Le défi s'étend aux chaînes de production. Dans l'usine Motomachi, les bZ4X électriques doivent quitter la ligne principale pour recevoir leur batterie avant d'y revenir, créant une inefficacité que le TPS combat normalement. "Ce n'est pas la ligne la plus efficace", admet Susan Elkington, responsable de la fabrication d'EV chez Toyota.

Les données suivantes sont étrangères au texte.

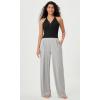 imageODODOS 2Pack Seamless Henley Crop for Women Open Back Ribbed Tank Buttonup Cropped TopBlackmushroom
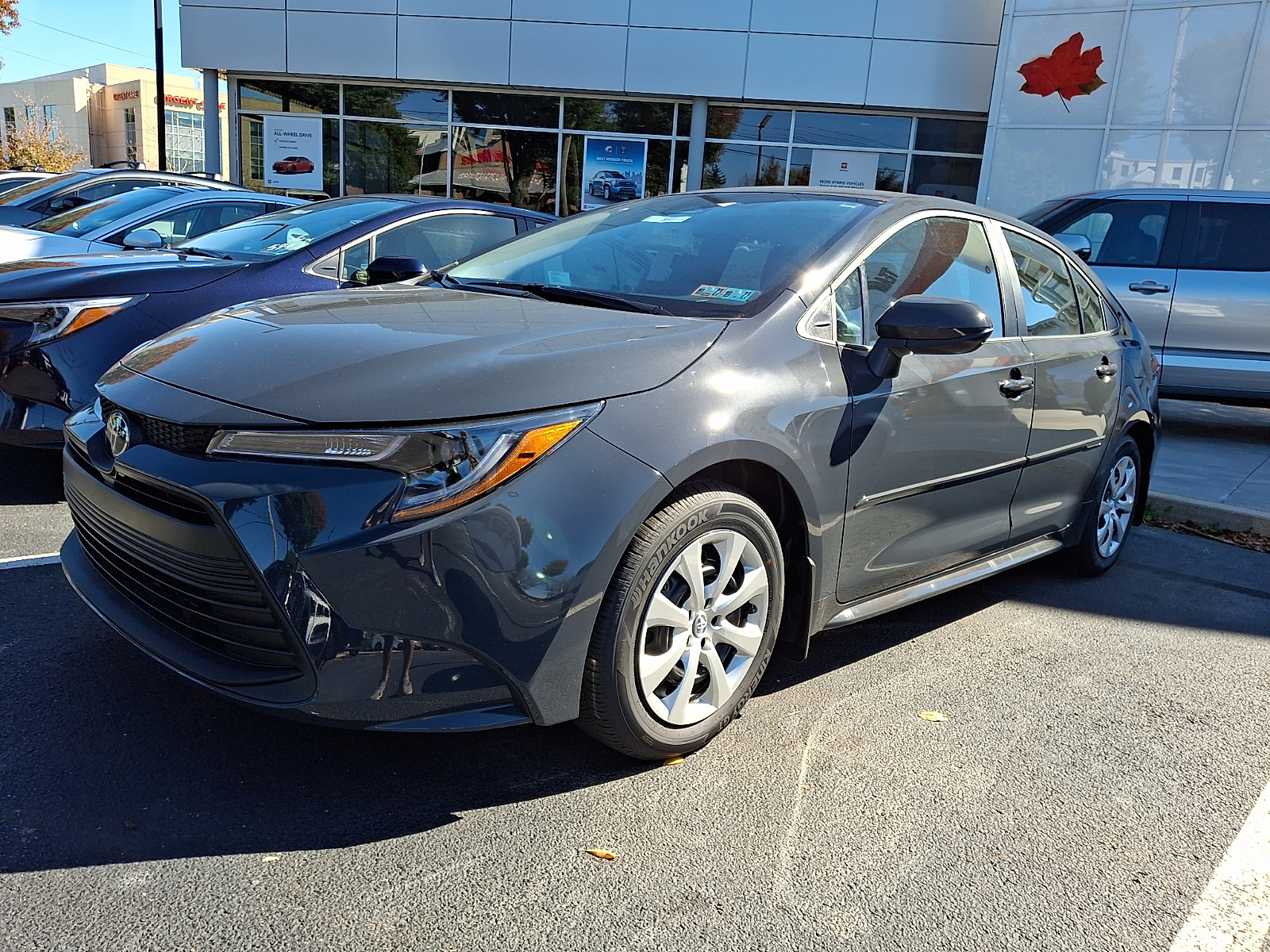 New 2027 Toyota Corolla Sedan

Plus préoccupant encore : BYD intègre déjà 40% de ses composants en interne, dont un module qui combine huit composants électriques distincts en un seul, réduisant poids et coûts de 20%. Toyota, habitué à optimiser des pièces standardisées fournies par des sous-traitants, peine à suivre cette intégration verticale qui devient la norme de l'industrie électrique.

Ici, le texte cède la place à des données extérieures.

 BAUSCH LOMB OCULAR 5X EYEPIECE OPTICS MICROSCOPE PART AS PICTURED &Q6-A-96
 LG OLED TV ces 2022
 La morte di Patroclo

🏯 Entre résistance et adaptation forcée
L'histoire de Toyota nous rappelle que le géant japonais a déjà su prendre des risques technologiques énormes.
Dans les années 1990, le Prius était une anomalie dans l'industrie : un véhicule hybride qui doublait le coût du groupe motopropulseur et garantissait des pertes sur chaque unité vendue pendant des années.

Cette décision, portée par Hiroshi Okuda – depuis effacé des récits officiels pour avoir osé s'opposer au retour de la famille Toyoda –, s'est avérée visionnaire.
Aujourd'hui, le nouveau CEO Koji Sato tente discrètement de préparer l'avenir électrique.
Il a promis 1,5 million de véhicules électriques d'ici 2026 et investit des milliards dans la production de batteries et la modernisation de trois usines. Mais avec seulement quelques dizaines de milliers d'électriques vendues actuellement, l'objectif semble plus fantasque que réaliste.
En parallèle, Toyota développe une nouvelle génération de moteurs à combustion capables de fonctionner avec différents carburants, y compris l'hydrogène. "Nous savons que les VE sont l'avenir", reconnaît Hiroki Nakajima, CTO du groupe. "Mais en attendant, nous allons continuer à améliorer ce que nous faisons le mieux." Voilà qui résume toute la mentalité Japonaise.
Cette position intermédiaire place Toyota face à un dilemme stratégique : attendre que le marché de l'électrique soit totalement mature risque de laisser un écart technologique insurmontable avec les pionniers, mais une conversion trop rapide abandonnerait des décennies d'avantages compétitifs dans les moteurs thermiques.